§ What you should do:
A verbatim copy of all the data is required; the pictures should not appear in it.

§ Provided material:
- - -

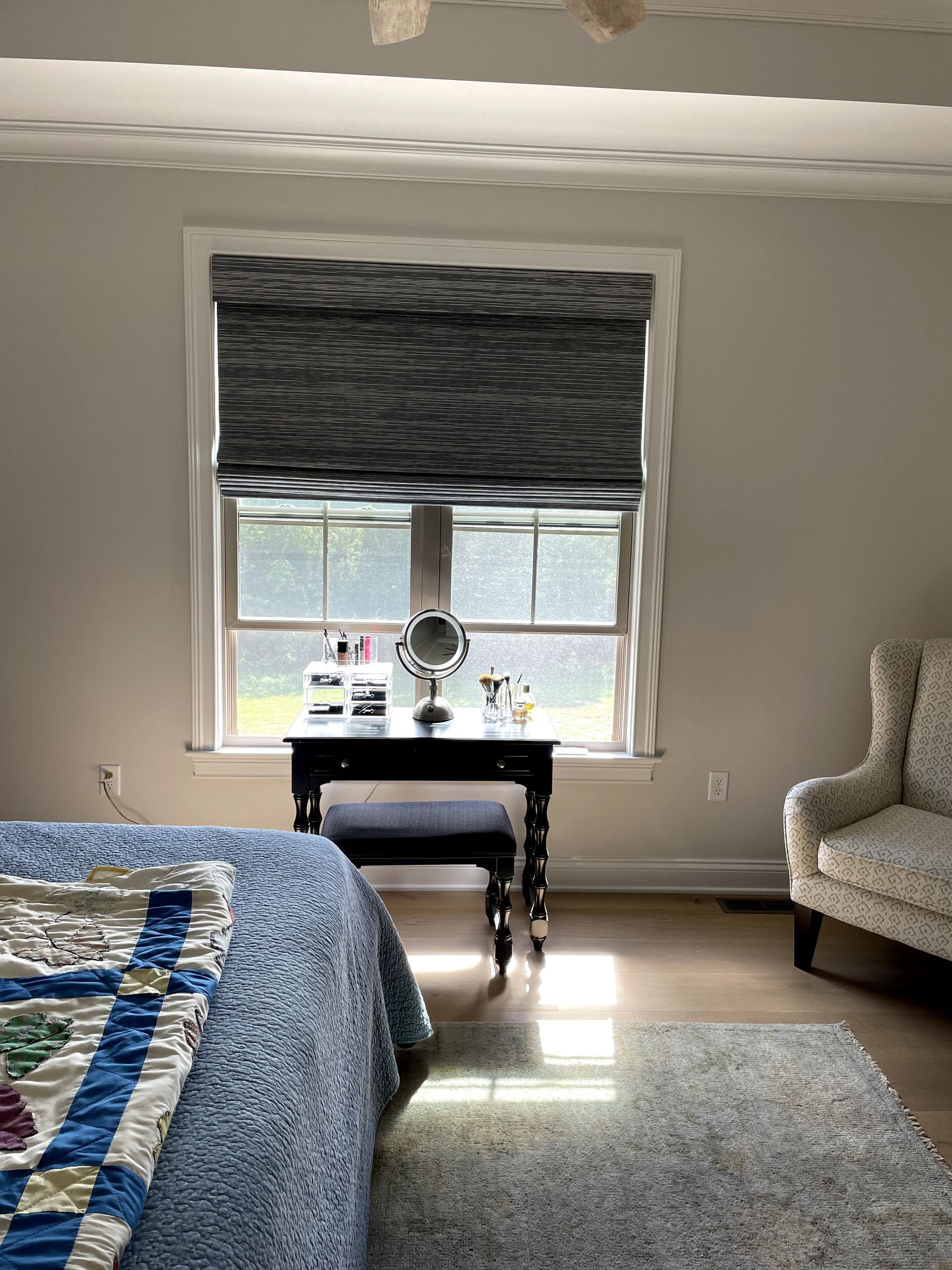 Bedroom with window, vanity, and bed. Dark patterned roman shade, light walls, and a blue quilt.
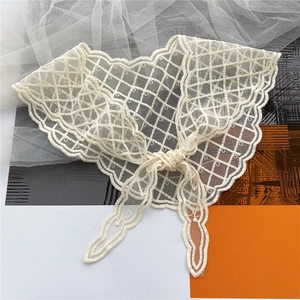 Detail of off-white lace neck scarf with intricate mesh embroidery and bow tie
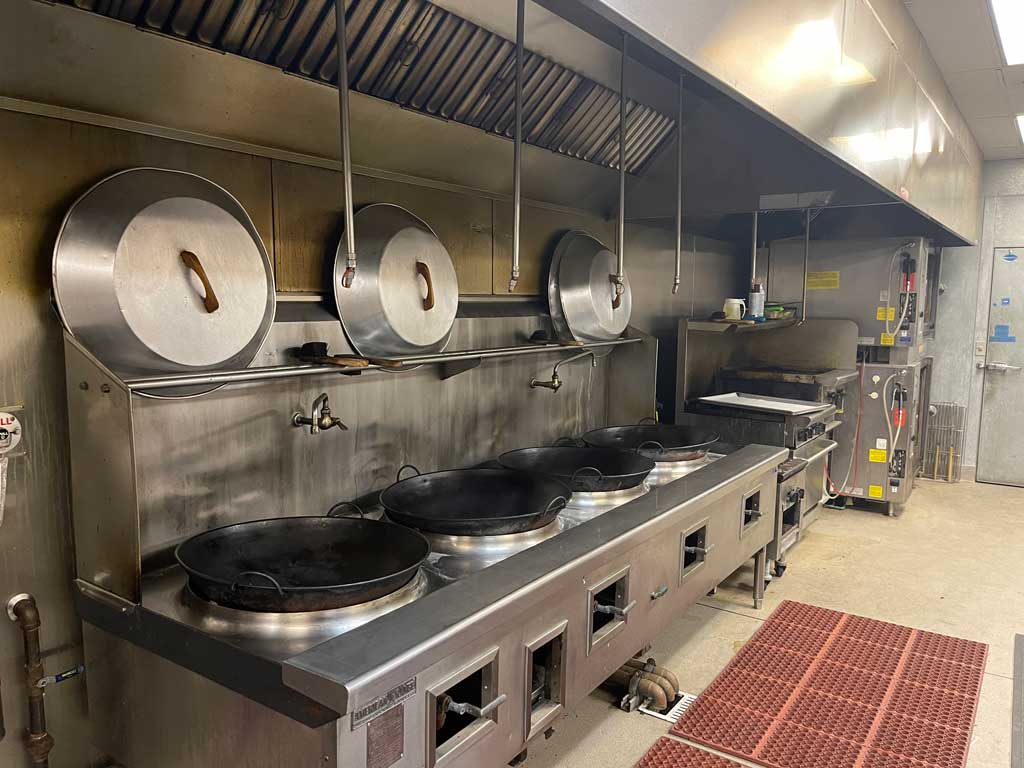 Kitchen with multiple stoves.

- - -

§ Exercise output:
 Bedroom with window, vanity, and bed. Dark patterned roman shade, light walls, and a blue quilt.
 Detail of off-white lace neck scarf with intricate mesh embroidery and bow tie
 Kitchen with multiple stoves.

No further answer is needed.